SPL computing performance test series: TPCH

 

I. Test task

TPCH 100G.

TPCH is an international standard, the details of which will not be explained in this article.

It should be noted that although TPCH includes 22 queries, it still cannot fully reflect the response performance of the SUT (system under test) to actual business, for two main reasons:

1. The queries in TPCH are relatively conventional and do not involve order-related operations, and the stepwise operations are also fairly simple. In practice, however, there exist quires with performance bottleneck, and their complexity is usually much higher than the queries in TPCH, and a large number of order-related operations and stepwise operations are involved;

2. The queries in TPCH have been made public for a long time, and some databases may have been optimized specifically for these queries.

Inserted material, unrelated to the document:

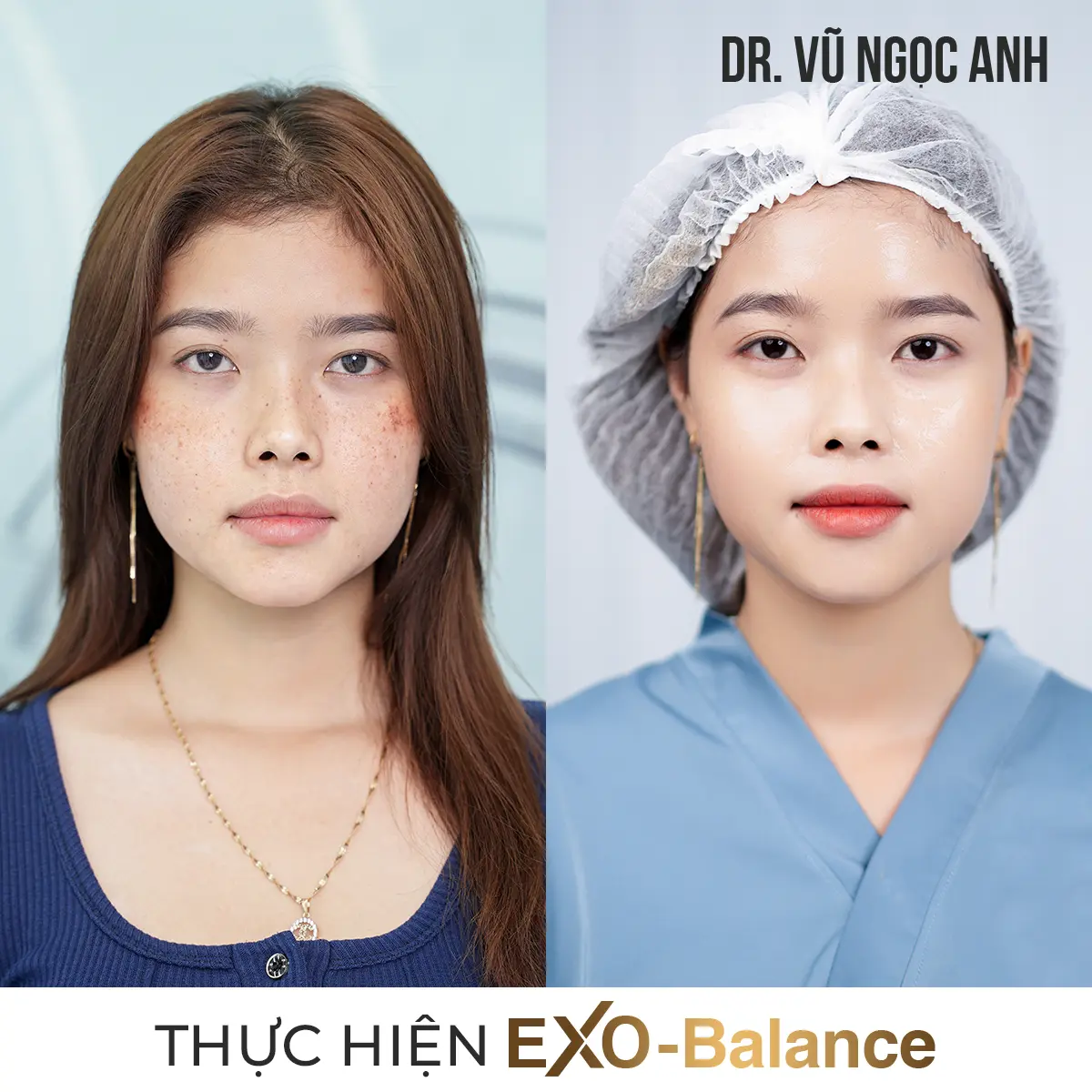 Dịch vụ 21 khách hàng sau khi thực hiện liệu trình Điều Trị Nám EXO - Balance 2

Of course, as an international standard, the test results of TPCH will also be informative.

II. Competitive technologies

We select the following products to make a comparation with SPL.

1. ClickHouse, which is said to be the fastest OLAP database in the world. ClickHouse 23 is to be tested.

2. Starrocks, which is claimed to be a faster OLAP database. Starrocks 2.5.2 is to be tested.

3. Oracle, which is widely used, and often used as a benchmark of database performance test. Oracle 19 is to be tested.

Since Oracle is not a professional OLAP database, and its performance indicators will not be as good as other products, the test results of Oracle are for reference only.

III. Test environment

One physical server with configurations as follows:

2 x Intel3014 CPUs, main frequency 1.7G, 12 cores in total

64G memory

SSD (Solid State Drive)

The size of the largest table in TPCH 100G is only about 70G, and is probably smaller than the physical memory of the machine after simple compression. In order to be able to test the computing ability of these products on external storage as well as their sensitivity to memory, we use virtual machines to limit the number of CPUs and the capacity of memory, and design two test environments based on the relatively common cloud VM specifications in the industry:

VM1: 8 CPUs, 32G memory

VM2: 4 CPUs, 16G memory

For Starrocks, at least two nodes, BE and FE, need to be installed. The BE that undertakes computing task is installed on one VM, while the FE that undertakes management task is installed on the physical machine to avoid affecting the test results.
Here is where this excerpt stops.